Brexit, banking and the euro: how will the events of 2016 affect the EU? ADEMU’s scientific coordinator Ramon Mariman looks back at a turbulent year and examines the effect the year’s events will have on the European monetary framework.

2016, coming to an end, has certainly gained its place in the history books, with their love of critical, unforeseen events.  In such years, plans made just a year ago may need to be revised.

The end of 2016 also marks the mid-term of the Horizon2020 ADEMU project. Fortunately, none of the unforeseen events has directly affected the project, but may do so indirectly, for two reasons. One has to do with research funding, the other with the object of our research.

Two of our eight partners are UK universities: Cambridge and UCL. Whatever form Brexit takes, it will be after the ADEMU project ends. In this sense, it doesn’t in theory affect us at all, but yet it may, since a disruption to European Research collaborative funding may make it more difficult, if not impossible, to organize research consortia such as ADEMU. Let us just hope that Brexit will not fracture the European Research Area, and that research funding will not be damaged by it, the results of the US elections, or the rise of populism.

The object of our research is the reassessment of the fiscal and monetary framework of the EU and, in particular, the euro area. The EU will certainly change with Brexit, but so too will the euro area, which becomes more important within the EU; in particular, the fiscal side of both can be reassessed with a new perspective, and not only due to Brexit.

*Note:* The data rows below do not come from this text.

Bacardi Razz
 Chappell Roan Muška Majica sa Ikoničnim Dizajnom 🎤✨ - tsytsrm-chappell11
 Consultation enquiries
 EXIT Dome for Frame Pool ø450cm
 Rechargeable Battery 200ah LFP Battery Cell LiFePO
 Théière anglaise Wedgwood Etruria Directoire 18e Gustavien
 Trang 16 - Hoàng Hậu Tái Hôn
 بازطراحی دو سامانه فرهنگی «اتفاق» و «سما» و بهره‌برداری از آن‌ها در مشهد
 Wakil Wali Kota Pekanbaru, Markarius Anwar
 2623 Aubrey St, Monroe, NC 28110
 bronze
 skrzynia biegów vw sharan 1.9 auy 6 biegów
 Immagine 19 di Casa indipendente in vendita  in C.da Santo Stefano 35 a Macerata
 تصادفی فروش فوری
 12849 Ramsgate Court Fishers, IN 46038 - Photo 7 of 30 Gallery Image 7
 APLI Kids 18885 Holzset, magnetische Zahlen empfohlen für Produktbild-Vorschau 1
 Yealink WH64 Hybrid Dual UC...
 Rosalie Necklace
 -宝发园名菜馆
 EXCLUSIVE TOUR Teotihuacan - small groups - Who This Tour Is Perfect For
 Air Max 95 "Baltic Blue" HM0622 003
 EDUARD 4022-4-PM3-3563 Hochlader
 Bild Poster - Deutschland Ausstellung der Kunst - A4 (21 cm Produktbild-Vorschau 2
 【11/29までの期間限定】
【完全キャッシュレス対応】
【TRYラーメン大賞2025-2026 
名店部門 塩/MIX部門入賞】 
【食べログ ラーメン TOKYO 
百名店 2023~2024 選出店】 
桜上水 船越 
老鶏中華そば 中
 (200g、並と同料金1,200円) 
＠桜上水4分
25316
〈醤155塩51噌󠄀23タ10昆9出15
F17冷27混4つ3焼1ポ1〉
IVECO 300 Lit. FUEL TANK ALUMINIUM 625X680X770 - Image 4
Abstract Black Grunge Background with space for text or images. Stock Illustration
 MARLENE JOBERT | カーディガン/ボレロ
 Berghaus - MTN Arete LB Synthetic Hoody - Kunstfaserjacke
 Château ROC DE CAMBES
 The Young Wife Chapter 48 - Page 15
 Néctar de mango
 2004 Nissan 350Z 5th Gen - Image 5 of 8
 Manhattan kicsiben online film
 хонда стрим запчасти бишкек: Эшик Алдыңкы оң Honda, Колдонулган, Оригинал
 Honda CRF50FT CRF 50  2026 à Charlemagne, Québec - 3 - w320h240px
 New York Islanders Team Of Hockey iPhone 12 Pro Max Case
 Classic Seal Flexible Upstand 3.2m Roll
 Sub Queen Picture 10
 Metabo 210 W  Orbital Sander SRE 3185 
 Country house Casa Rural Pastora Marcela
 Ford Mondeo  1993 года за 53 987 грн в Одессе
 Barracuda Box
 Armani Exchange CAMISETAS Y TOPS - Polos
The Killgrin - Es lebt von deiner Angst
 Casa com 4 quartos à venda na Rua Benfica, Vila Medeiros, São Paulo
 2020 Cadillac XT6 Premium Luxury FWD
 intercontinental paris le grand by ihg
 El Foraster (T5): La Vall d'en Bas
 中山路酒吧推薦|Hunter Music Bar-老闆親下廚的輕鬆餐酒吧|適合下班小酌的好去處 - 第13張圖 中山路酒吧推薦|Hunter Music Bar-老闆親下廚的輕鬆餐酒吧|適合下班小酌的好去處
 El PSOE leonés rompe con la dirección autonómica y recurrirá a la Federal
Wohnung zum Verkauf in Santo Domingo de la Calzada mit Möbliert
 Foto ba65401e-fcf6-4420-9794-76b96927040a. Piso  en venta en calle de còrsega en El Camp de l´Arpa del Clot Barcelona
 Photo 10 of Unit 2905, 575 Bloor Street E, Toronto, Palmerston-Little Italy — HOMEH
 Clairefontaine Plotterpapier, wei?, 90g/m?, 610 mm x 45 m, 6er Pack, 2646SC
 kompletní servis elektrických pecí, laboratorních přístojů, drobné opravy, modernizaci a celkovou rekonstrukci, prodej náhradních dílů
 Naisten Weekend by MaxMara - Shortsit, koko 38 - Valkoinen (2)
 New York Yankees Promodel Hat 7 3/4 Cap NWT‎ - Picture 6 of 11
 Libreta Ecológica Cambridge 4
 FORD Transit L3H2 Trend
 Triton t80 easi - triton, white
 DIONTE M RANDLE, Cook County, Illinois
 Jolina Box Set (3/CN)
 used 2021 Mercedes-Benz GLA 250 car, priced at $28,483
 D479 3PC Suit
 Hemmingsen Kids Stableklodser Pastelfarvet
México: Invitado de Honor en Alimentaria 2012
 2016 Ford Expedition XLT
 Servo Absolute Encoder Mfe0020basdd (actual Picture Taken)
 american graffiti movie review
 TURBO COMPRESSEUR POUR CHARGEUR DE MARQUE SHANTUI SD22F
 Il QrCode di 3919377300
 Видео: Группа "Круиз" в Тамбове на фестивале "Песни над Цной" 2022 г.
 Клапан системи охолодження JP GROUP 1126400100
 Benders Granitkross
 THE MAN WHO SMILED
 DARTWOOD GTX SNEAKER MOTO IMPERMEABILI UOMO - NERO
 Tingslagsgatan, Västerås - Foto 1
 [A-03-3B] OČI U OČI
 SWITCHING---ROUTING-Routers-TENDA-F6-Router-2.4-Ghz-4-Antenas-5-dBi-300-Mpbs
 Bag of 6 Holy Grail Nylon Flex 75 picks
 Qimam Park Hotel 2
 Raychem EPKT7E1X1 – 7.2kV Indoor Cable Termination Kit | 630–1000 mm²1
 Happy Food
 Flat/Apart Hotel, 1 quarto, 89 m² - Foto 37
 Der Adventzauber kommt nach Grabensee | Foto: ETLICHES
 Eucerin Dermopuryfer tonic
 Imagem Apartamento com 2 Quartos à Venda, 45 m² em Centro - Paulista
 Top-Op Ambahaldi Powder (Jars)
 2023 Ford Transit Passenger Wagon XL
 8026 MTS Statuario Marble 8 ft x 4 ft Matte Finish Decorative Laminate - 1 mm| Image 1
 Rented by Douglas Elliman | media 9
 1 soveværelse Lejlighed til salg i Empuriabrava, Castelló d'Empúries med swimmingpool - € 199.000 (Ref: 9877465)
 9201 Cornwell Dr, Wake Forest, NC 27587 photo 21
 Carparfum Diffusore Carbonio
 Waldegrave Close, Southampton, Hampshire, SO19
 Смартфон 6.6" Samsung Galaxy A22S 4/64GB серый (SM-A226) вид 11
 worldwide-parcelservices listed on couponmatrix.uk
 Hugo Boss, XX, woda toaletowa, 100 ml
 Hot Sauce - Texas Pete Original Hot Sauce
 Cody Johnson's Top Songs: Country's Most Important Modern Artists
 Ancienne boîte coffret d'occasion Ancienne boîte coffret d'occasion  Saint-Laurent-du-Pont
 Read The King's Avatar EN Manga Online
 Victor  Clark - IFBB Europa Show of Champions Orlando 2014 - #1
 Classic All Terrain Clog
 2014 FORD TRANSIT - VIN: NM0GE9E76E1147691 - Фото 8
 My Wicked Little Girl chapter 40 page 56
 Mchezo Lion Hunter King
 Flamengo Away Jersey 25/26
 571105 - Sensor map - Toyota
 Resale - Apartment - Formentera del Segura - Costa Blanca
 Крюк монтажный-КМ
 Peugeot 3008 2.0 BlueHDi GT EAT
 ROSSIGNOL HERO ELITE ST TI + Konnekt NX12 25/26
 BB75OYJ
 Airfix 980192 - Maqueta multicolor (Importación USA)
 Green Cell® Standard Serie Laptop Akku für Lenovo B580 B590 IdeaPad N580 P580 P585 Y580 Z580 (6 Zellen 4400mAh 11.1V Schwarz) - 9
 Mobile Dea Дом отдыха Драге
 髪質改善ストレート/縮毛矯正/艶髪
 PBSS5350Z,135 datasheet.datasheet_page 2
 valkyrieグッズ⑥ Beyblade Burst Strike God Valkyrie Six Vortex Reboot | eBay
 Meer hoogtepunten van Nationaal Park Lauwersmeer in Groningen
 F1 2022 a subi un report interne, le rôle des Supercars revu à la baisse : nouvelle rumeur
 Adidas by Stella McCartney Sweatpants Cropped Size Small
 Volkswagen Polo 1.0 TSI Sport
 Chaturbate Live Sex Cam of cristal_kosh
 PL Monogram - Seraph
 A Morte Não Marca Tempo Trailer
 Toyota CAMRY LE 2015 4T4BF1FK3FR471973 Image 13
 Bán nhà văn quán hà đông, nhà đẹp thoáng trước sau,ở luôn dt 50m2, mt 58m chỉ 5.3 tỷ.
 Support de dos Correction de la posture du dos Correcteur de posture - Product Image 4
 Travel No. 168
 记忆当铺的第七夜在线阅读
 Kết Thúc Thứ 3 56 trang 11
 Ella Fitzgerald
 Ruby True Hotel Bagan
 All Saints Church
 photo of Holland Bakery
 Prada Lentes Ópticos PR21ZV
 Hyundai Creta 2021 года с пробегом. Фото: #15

2016 has turned European migration, defence and security policies into EU public goods, and joint provision will be more efficient than just collaboration. An EU defence or migration policy does not necessarily mean an EU army or an EU frontier police, but it certainly does mean more reliable financial resources: even if they are part of the national budgets, they should not be subject to unilateral disruptions.

In the aftermath of the euro crisis, 2016 has not been exempt from banking problems, testing the incipient European Banking Union structure and policies. Neither has it seen the end of the ECB stimulus policies, such as the asset purchase programme, which has recently been extended, while the ESM is issuing its longest bond maturity programme (40 years) this month. The question whether and how a euro area Treasury and/or a proper risk-sharing facility are needed to complete and back up this financial framework, becomes even more pertinent when the EMU takes on a more important role in a post-Brexit EU. These are questions that research – in particular, ADEMU research – can help to elucidate but, in the end, policy will decide whether the 2015 plan of the Five Presidents’ Report needs to be revised or implemented, after this historical 2016.